# EBS appeal success - got three times the level of compensation



## GKS2020 (18 Jul 2020)

Just to let you know we had success appealing our original compensation from EBS .

So we were the "revert to applicable variable rate  " cohort from EBS that got tracker back . I had one year to appeal the compensation which I did myself without any assistance from solicitors .

The basis for my appeal was as this was a personal dwelling the stress of paying the higher mortgage ( some months aprox 800 more ) had a huge impact on our lives .

We sold shares to meet our monthly obligations ( documents provided )

We needed help from parents to cover month to month  ( bank statement provided)

Our children required services which we could not afford .( Receipts from providers)

We fought for the tracker with the bank from the expiry of our fixed rate and even went to the FSO  and our complaint was not upheld .This caused undue stress .

Our appeal went to BDO and a few months ago and we were requested to show P60's  , Revenue balancing statements and any expenses that were above and beyond .

So we got the best news yesterday our appeal was upheld .

Compensation paid was 3 times the value of the original compensation paid which we were delighted with . 

To be honest, to some this may seem like a lot but after 10 years of fighting it's completely merited in my view .

I wanted to share as I was always was  the person who looked at this page daily for updates from other people so I hope this helps anybody else who is appealing or considering appealing .


----------



## Brendan Burgess (18 Jul 2020)

Hi GKS

Well done and thanks for reporting it so well. It will be a great encouragement and help to others. 

The AIB/EBS panels have rightly been criticised for many of their decisions but it's good to see them getting some of them right. 

What was the attitude of EBS?  Did they contest it strongly or did they agree that you deserved more?

Brendan


----------



## GKS2020 (18 Jul 2020)

Brendan Burgess said:


> Hi GKS
> 
> Well done and thanks for reporting it so well. It will be a great encouragement and help to others.
> 
> ...


The tracker panel decision was only received yesterday so I presume I will hear from EBS in due course .
My assumption was the redress panel decision was final upon our acceptance !


----------



## Brendan Burgess (18 Jul 2020)

Hi GKS

Sorry, I wasn't clear.  As long as the amount is under €300k, EBS will accept it automatically.

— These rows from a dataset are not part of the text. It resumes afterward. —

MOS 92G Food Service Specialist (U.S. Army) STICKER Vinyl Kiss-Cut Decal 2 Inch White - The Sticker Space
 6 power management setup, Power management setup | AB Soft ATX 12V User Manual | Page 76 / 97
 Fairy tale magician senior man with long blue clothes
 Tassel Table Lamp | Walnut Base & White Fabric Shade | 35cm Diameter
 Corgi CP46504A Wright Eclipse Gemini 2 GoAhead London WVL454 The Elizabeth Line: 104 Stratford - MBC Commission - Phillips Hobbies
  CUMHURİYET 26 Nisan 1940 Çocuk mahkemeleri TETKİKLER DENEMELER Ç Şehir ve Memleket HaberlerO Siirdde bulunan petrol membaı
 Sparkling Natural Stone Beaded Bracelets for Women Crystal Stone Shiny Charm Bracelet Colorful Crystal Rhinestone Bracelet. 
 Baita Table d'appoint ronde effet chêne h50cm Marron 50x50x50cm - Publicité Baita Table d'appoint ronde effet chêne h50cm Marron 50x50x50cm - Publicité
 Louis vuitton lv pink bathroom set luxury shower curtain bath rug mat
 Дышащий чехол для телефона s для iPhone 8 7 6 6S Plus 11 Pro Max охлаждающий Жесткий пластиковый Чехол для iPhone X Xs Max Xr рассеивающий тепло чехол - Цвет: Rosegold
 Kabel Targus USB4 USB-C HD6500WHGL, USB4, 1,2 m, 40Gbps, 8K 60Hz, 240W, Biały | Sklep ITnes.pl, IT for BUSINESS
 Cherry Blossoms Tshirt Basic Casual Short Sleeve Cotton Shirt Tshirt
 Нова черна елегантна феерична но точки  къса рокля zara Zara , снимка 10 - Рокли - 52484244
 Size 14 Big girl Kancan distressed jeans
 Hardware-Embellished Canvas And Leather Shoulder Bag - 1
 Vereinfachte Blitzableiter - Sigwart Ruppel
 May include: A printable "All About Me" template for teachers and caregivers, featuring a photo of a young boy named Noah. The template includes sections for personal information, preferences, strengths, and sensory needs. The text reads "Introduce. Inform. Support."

My question was referring to the pre-decision phase.   Did EBS dispute the amount you claimed? 

Brendan


----------



## Bronte (18 Jul 2020)

You don’t have to justify the amount, you deserve everything you get. You more than earned it. Anyone having had to go through the stress you did are fully entitled to proper compensation. Enjoy it. And know that you help others by posting your positive outcome. Congratulations.


----------



## Trackman (19 Jul 2020)

Congrats on your appeal. Well deserved

I have started the appeals process with EBS. Did you get an oral hearing and if so how did that go? 

Our appeal centres on whether the bank overcharge was causal in the home being sold. The bank state, in response to our appeal, they believe our reduced income was the only factor.


----------